The primary impact of this vulnerability is unauthorized disclosure of sensitive infrastructure information. Attackers with authenticated access, even with readonly privileges, can leverage the path traversal to query arbitrary Docker Engine API endpoints on the agent host. This could reveal container logs, configurations, environment variables, or other metadata that may contain secrets or operational details. Such information disclosure can facilitate further attacks, reconnaissance, or lateral movement within an organization's infrastructure. Although the vulnerability does not allow code execution or denial of service, the exposure of sensitive data can significantly increase risk. Organizations relying on beszel for monitoring containerized environments are at risk of leaking critical operational data if running vulnerable versions. The requirement for authentication limits exposure to insiders or compromised accounts, but readonly roles are often widely granted, increasing the attack surface. Since the vulnerability affects the Docker API over unix sockets, it specifically impacts environments using Docker containers monitored by beszel agents.

Organizations should immediately upgrade beszel to version 0.18.4 or later, where the vulnerability is fixed by proper escaping of the 'container' parameter. Until upgrade is possible, restrict access to beszel's authenticated API endpoints to trusted users only, minimizing readonly role assignments. Implement network segmentation and host-level access controls to limit who can reach the beszel agent hosts and Docker API sockets.
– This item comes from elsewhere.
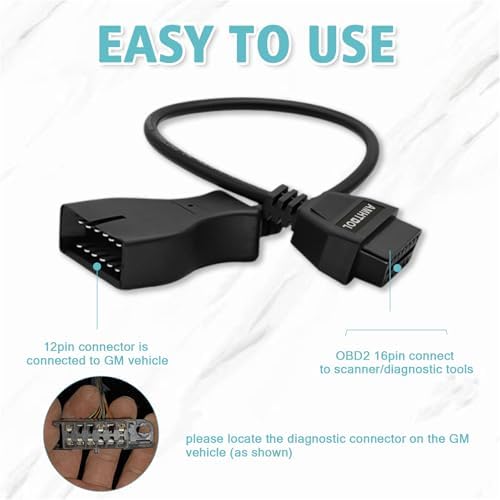 OBD1 to OBD2 Adapter Fit for GM 12Pin to 16 Pin Diagnostic Cable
Monitor API usage logs for suspicious or anomalous requests containing path traversal sequences such as '../'. Employ runtime security tools to detect unusual Docker API calls. Review and tighten container monitoring roles and permissions to enforce least privilege. Additionally, consider deploying web application firewalls or API gateways that can detect and block path traversal attempts in query parameters. Regularly audit and rotate secrets and credentials that may be exposed through container metadata to reduce risk from potential leaks.